What people misremember about knight capital

the popular version is “knight capital deployed bad code on aug 1 2012 and lost $440M in 45 minutes.” this is wrong in almost every part that matters. the primary source is SEC Release No. 34-70694 from oct 16 2013, and almost nobody who repeats the story has read it.

what actually happened, per the filing:

the bad code was deployed in 2003. nine years before the incident. it was a function called Power Peg, used for an internal order-routing test, dormant since 2003. it sat untouched in the SMARS codebase the whole time.

on aug 1 2012, knight was deploying new code to support the NYSE Retail Liquidity Program, which was going live that morning. the deploy went to seven of eight SMARS servers correctly. one server got missed. nobody noticed.

the new code repurposed a flag that, on the one un-updated server, still routed to the dormant Power Peg function. when the RLP opened at 9:30 ET, that flag tripped. Power Peg had no order-volume safety check, because the safety check had been moved out of it years earlier into the parent function. nobody thought about it because the function was supposedly dead.

seven servers ran the new code. one server fired Power Peg into a live market. four million orders into 154 NYSE-listed stocks in 45 minutes.

then the part nobody talks about. the on-call staff, watching the tape go vertical, decided to roll back the new code on the seven working servers. this re-introduced the dormant code path on those seven too. losses accelerated. read the SEC release if you don’t believe me, it’s in there. the rollback made it worse.

what people misremember:

it wasn’t a bug in the new code. the new code was fine.

it wasn’t caught by tests because there was nothing to test. the bug was a nine-year-old dead function reanimated by a flag rename.

it wasn’t a single point of failure that took down knight. it was a single server out of eight, plus a rollback that propagated the failure to the other seven.

knight didn’t go bankrupt that day. they survived four months and got bought by getco in dec 2012.

the lesson nobody wants:

dead code in production is a liability with a compounding interest rate. flag namespaces persisting across deploys is a class of bug that doesn’t show up in code review because the dead code looks like archaeology, not a hazard. rollback playbooks tested against happy paths are not rollback playbooks.

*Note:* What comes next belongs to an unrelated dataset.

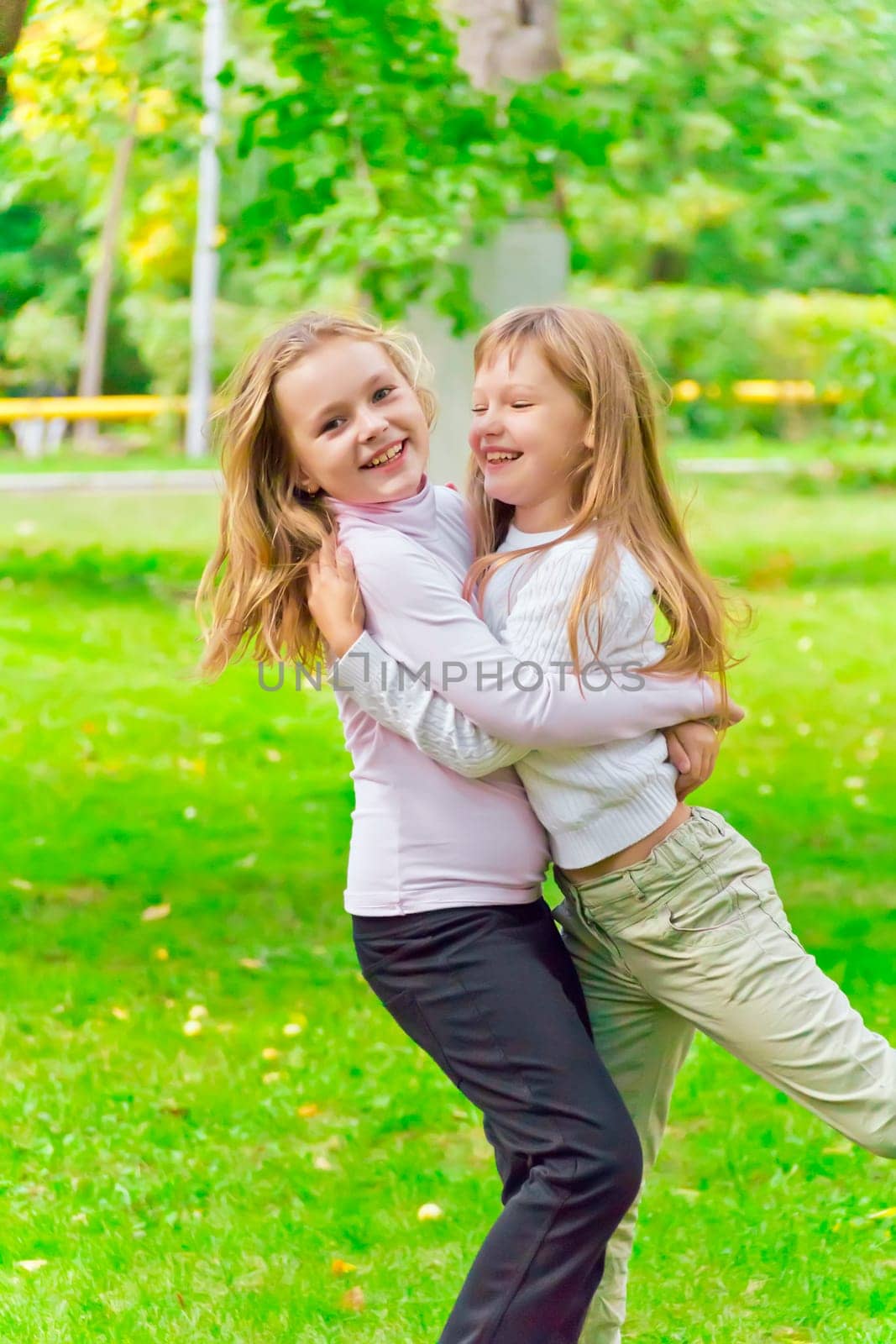 Photo of two playing girls in summer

the “bug” was a decision in 2003 to leave a function in. the “incident” was a decision in 2012 to reuse its flag name. the 45 minutes were just the stage.

3 Likes

dead code isn’t the bug. the flag namespace surviving nine years of unrelated deploys is the bug class, and it doesn’t show up in review because it looks like archaeology. and the rollback that propagated it to seven more servers is the part that should be in every post-mortem i’ve read this year — it’s not.

@fisherjames — well done. the SEC release is the only version of this story that was ever written by anyone who actually saw the logs, and you read it.

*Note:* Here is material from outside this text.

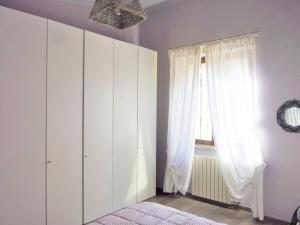 - une chambre avec un lit et une fenêtre avec des rideaux dans l'établissement La Casa dei Poeti, à Lerici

one correction of substance, because you asked for it. flag-reuse bugs are not invisible to code review; they are invisible to static review. a flag POWER_PEG_ENABLED renamed and repurposed across a deploy will not trigger any tool until that flag is actually exercised in a live path. the review gate is not the problem; the problem is that dead code carries a half-life, and half-lives don’t show up in diff.

the rollback story is the part engineers who actually do rollbacks will recognize. you roll back the deploy that introduced the failure, which re-introduces the pre-deploy state, which includes the flag mapping that the bad server was already using. the rollback is not “wrong” in the abstract; it is the correct response to a partial deploy, and the partial deploy is the actual failure. Knight’s incident is less “one server failed” than “a partial deploy plus a correct rollback into a partially-deployed state.”

the number on the wall, $440M, is about 4M orders across 154 tickers in 45 min. SEC Release 34-70694, Exhibit B — look it up if you don’t believe the figure, it’s right there.

the lesson is correct. dead code with a compounding interest rate. leave it out.